**Work item:** Starting at the line below that contains "solar energy panels and wind turbine" and ending at the line that contains "5 Pairs/Lot Summer", retype each line exactly as it stands, but omit the pictures.

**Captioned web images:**
┏━━
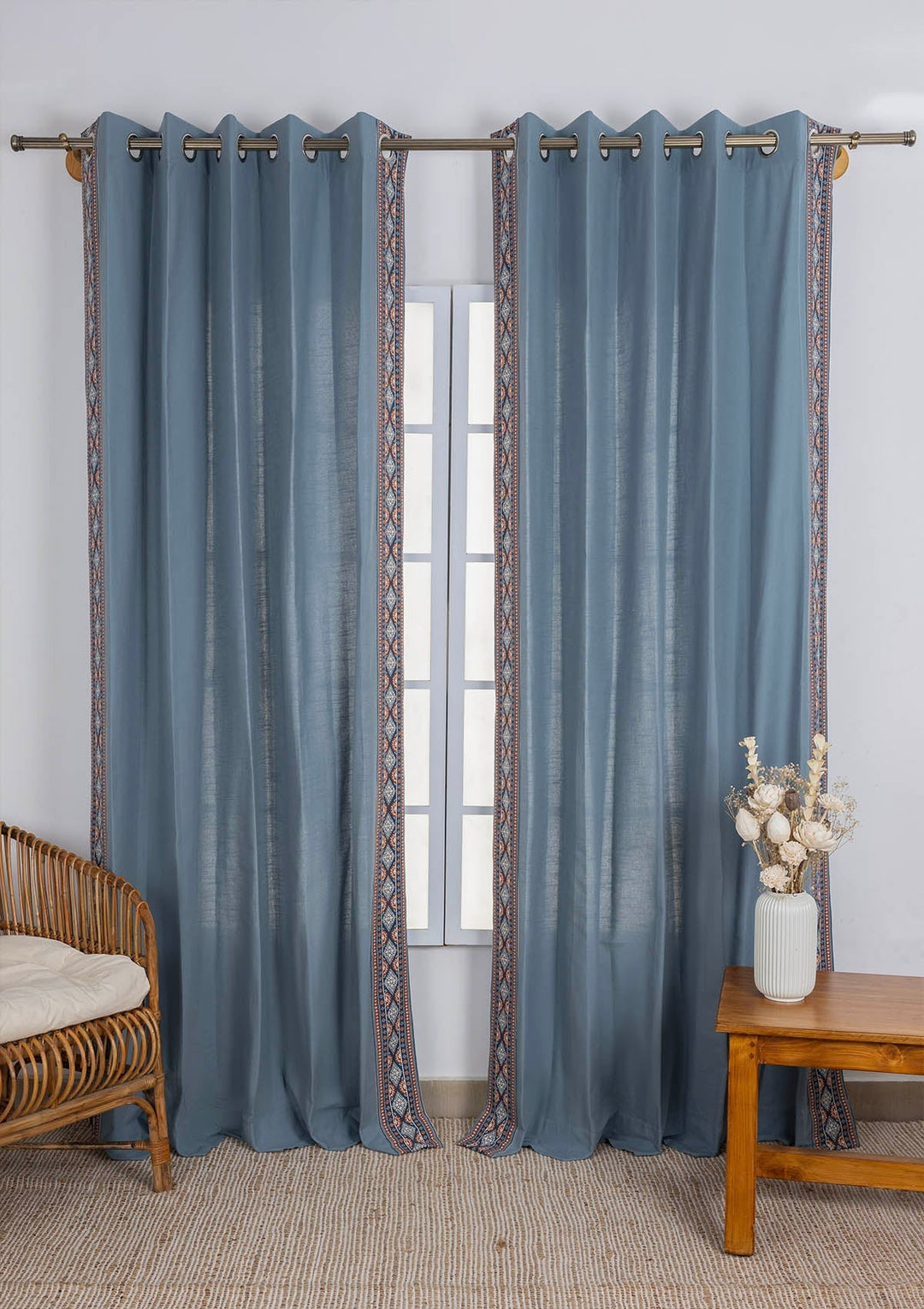 Tara Mist Blue 100% Cotton Curtain with Trim for living room & bedroom - Room Darkening - Mist Blue - Single Piece | SHOBITAM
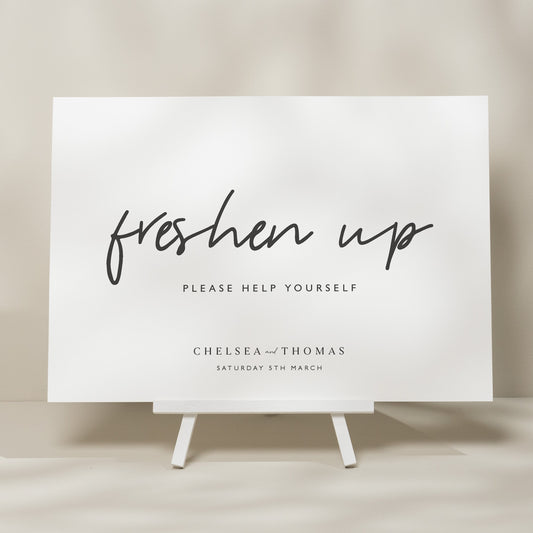 Simple Wedding Sign, Freshen Up Wedding Sign, Bathroom Wedding Signage, Calligraphy Wedding Sign, Bathroom Basket Sign &#39;Chelsea&#39;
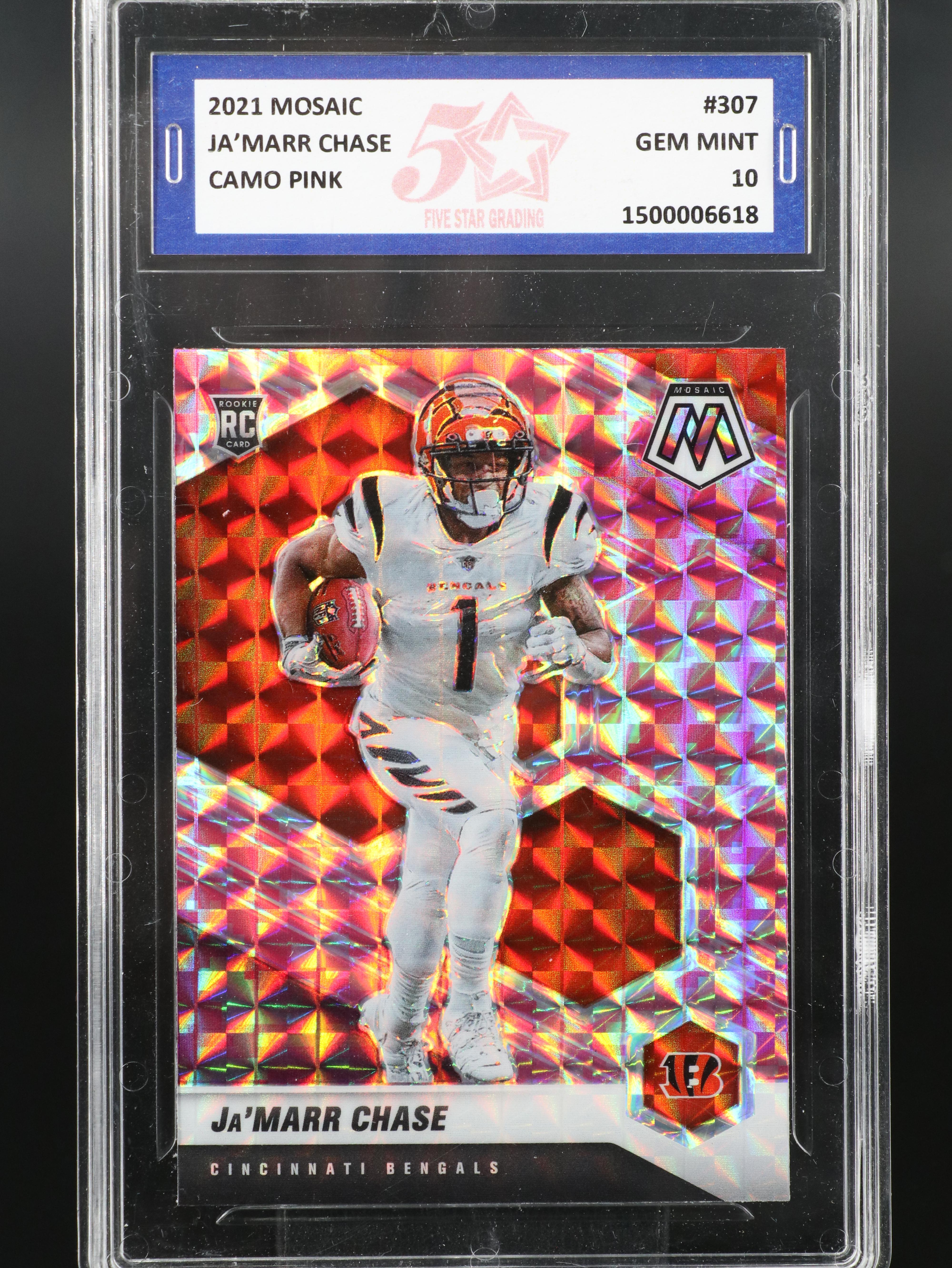 2021 Ja'Marr Chase Slabbed Mosaic, Optic, and Prizm Rookie Football Cards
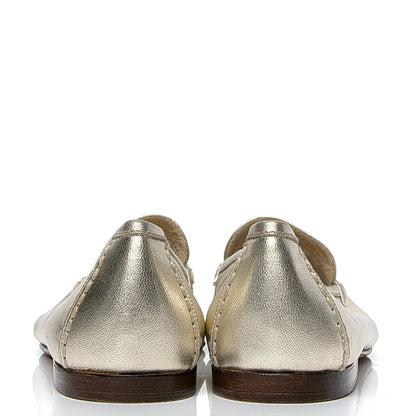 Chanel Metallic Lambskin CC Mocassin Loafers 38 Silver 4 of 7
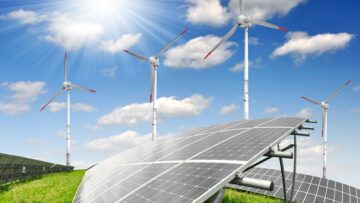 solar energy panels and wind turbine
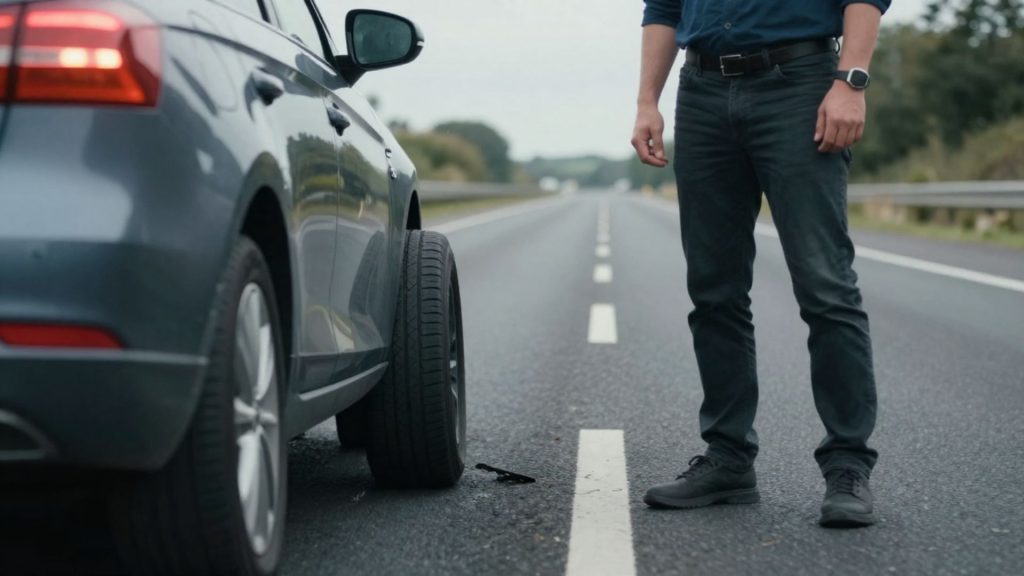 Car with blown tyre on roadside with hazard lights on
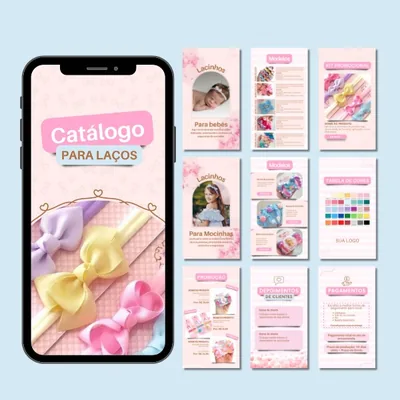 Capa de Catálogo para Laços: Modelo Editável no Canva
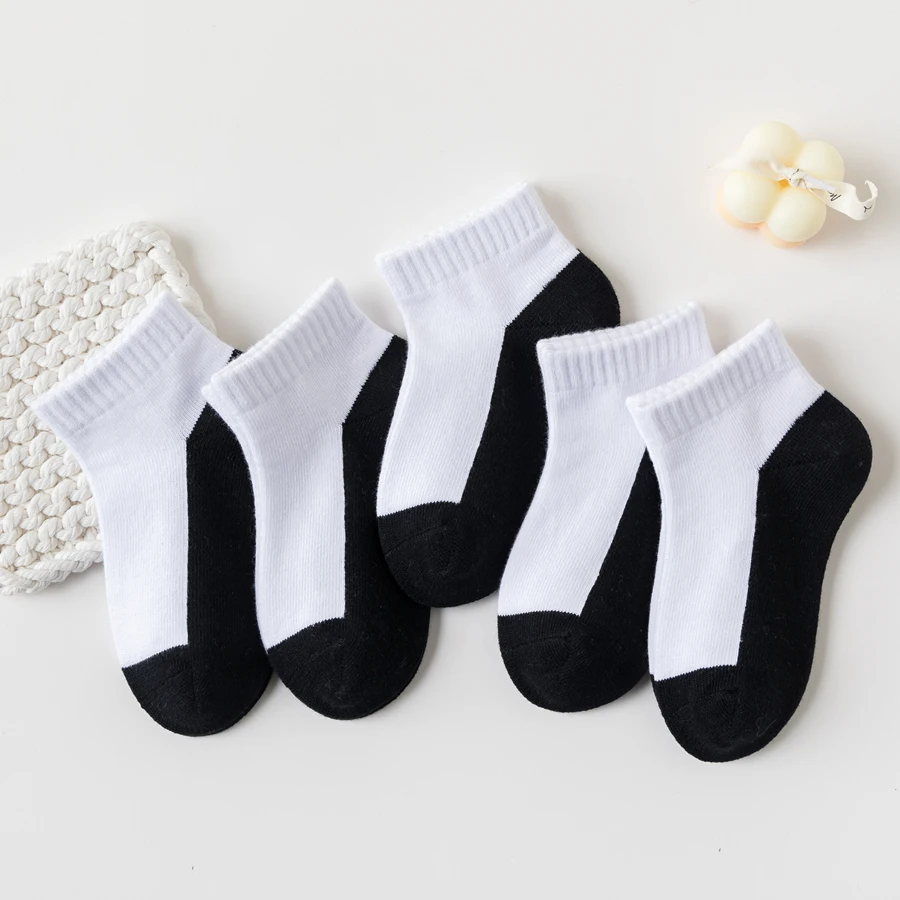 5 Pairs/Lot Summer Children Socks 100% Cotton Kids Fashion Black White Gray Baby Girl Boy Socks Casual Short Socks For 1-12 Year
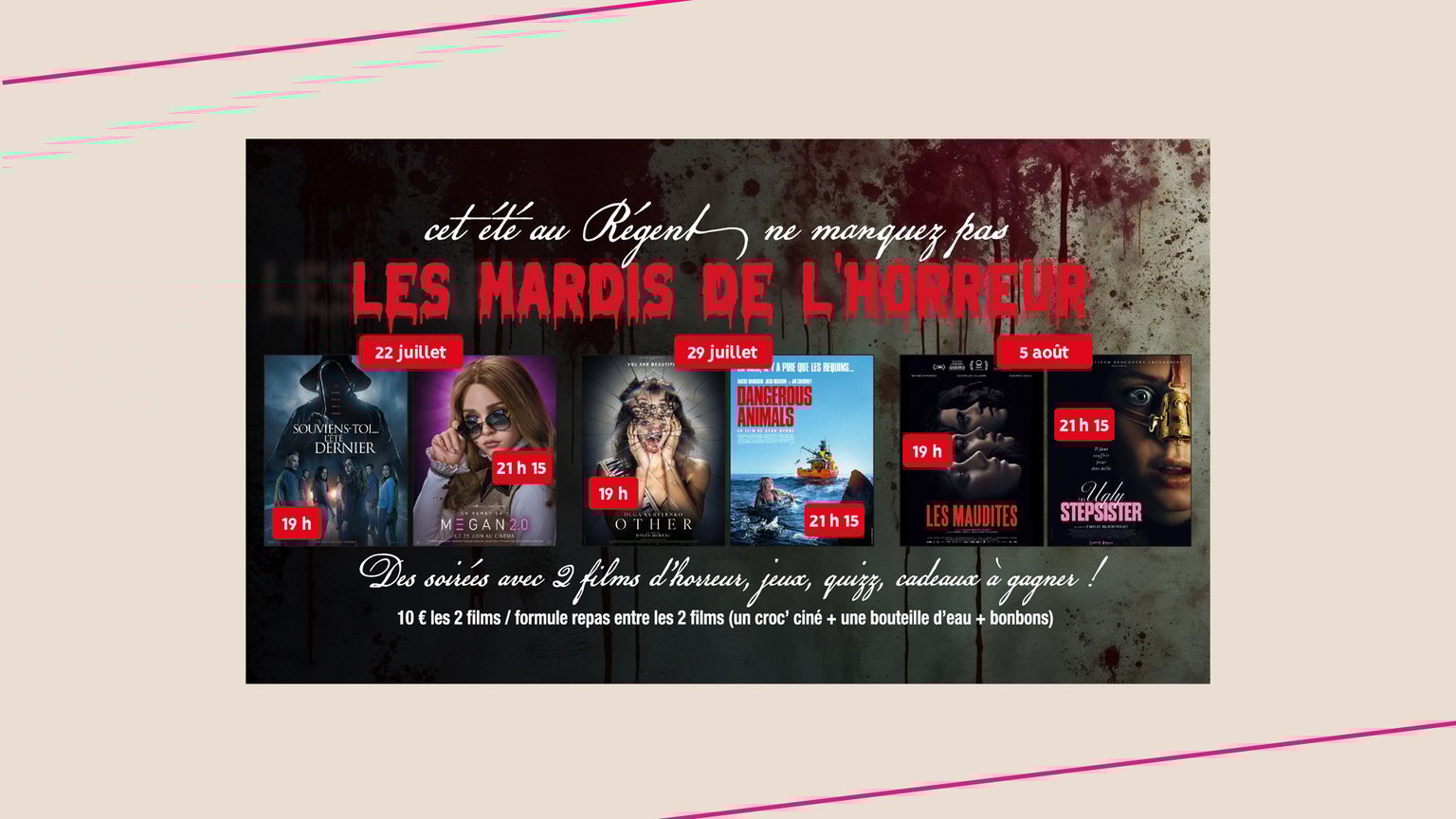 2 films d'horreurs tous les mardis soir !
┗━━
**Solution:**
 solar energy panels and wind turbine
 Car with blown tyre on roadside with hazard lights on
 Capa de Catálogo para Laços: Modelo Editável no Canva
 5 Pairs/Lot Summer Children Socks 100% Cotton Kids Fashion Black White Gray Baby Girl Boy Socks Casual Short Socks For 1-12 Year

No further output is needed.